Considering the recent demo of an attack against qmail mail alias forwarding, it's starting to look like email servers are vulnerable too. The bigger problem is this is not a bug per se, as bash is a local shell doing exactly what it is being told to do. Patching will have only limited effect. The real problem is not sanitizing untrusted (network) inputs before passing data off to a parser or other program. The DHCP demo works because DHCP server reply data text was passed to network card configuration scripts which use bash, with zero sanitization. Quite a lot of programs from the late 80's and early 90's were made when university network environments were relatively trusted, so little thought to direct security requirements were done by the developers, many whom did it for free on their own time. Somehow many of these things became part of trusted internet infrastructure without serious (re)auditing, and do quirks many are afraid of doing serious rewrites (the busybox guy says this a lot, as busybox is used a lot in embedded hardware).
Heartbleed happened because the TLS heartbeat code was largely written for a Ph.D thesis by a grad student, and this seemed to be the norm throughout the OpenSSL codebase. The same sort of naive thinking and poor coding practices from the early WWW era are now facing an actively hostile internet.

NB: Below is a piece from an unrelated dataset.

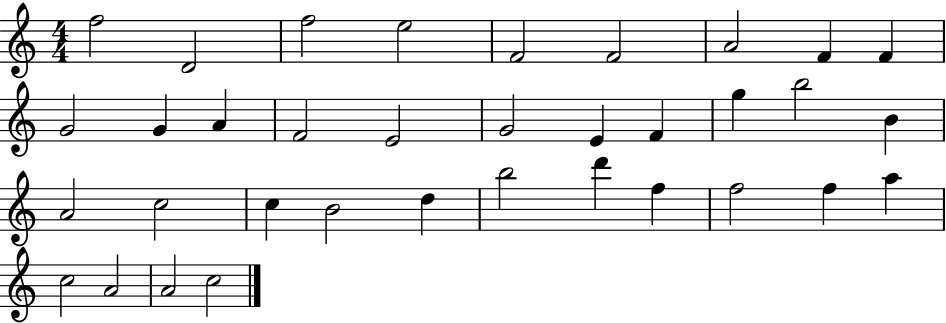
F5/h D4/h F5/h E5/h F4/h F4/h A4/h F4/q F4/q G4/h G4/q A4/q F4/h E4/h G4/h E4/q F4/q G5/q B5/h B4/q A4/h C5/h C5/q B4/h D5/q B5/h D6/q F5/q F5/h F5/q A5/q C5/h A4/h A4/h C5/h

Which is being protected by security researchers who focused on more exotic memory bugs, when a lot of the current crop of serious issues will have come from more basic and easier to attack issues in software. Also, open source sofftware bugs as of late show the many eyes make bugs shallow concept may be a fallacy, in so much as it is a tragedy of the commons where anyone could have checked, but everyone assumed someone else did.

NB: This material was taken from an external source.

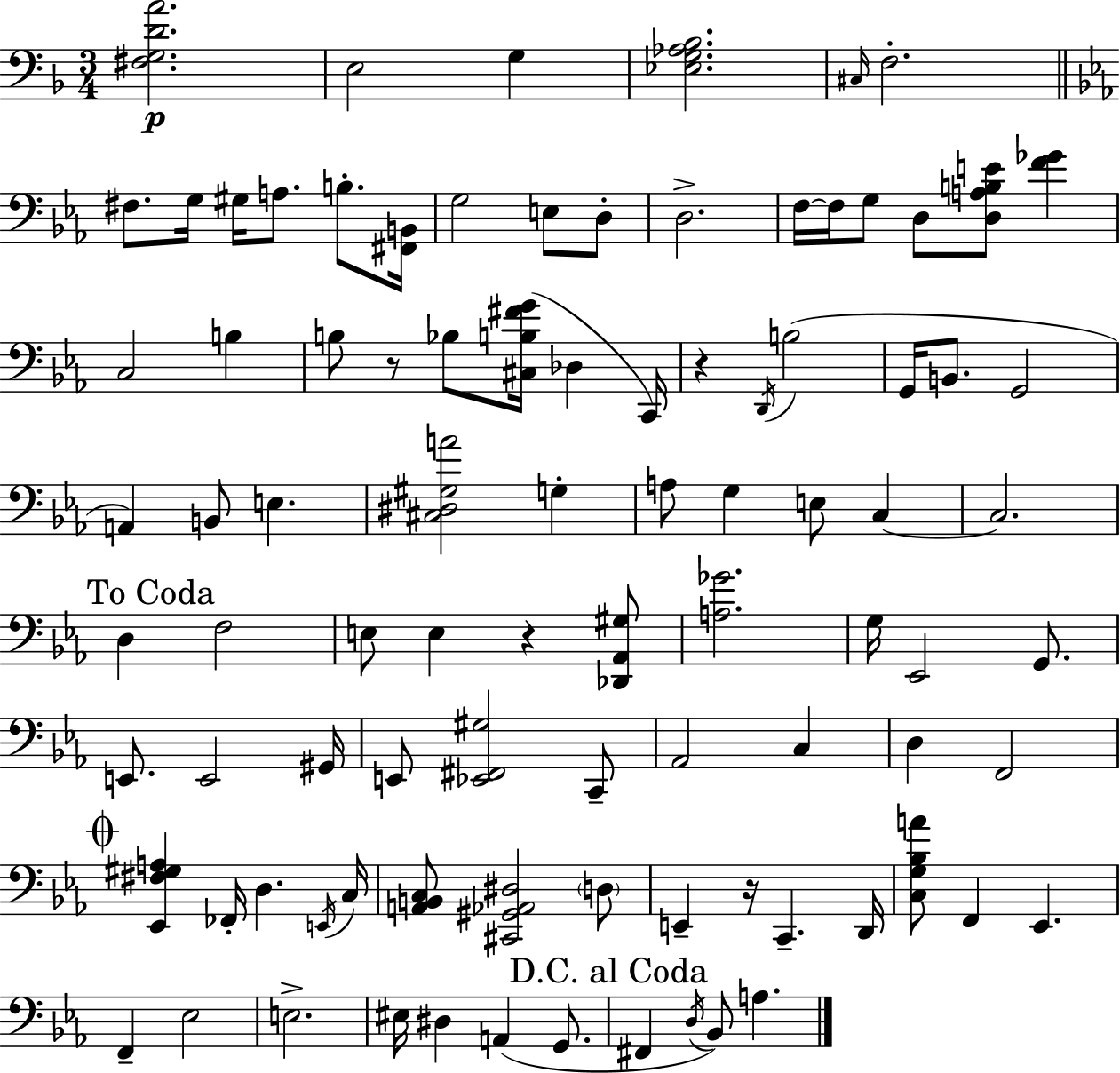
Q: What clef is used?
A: bass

The upside is the actively scanning botnets have largely infected their targets already for the low hanging fruit of common CGI URL's by the end of the weekend (more like mid friday), so next week is mostly watching for more unexpected bash usage holes like the qmail bug. So by next weekend, pretty much any internet facing service with a well known port and an exploitable means to access bash will be nailed. The real horror is all the unpatched and unpatchable enterprise IT systems lurking on internal networks. Much like the slammer and conficker worms, which never seem to die away, this will probably be with us for a long time. We might be lucky that iOS and android don't seem to have easy bash related holes (yet, knock on wood)
With this, the debian APT bug, the NSS bug, and the jguery site hijack, this has been a long week for some people.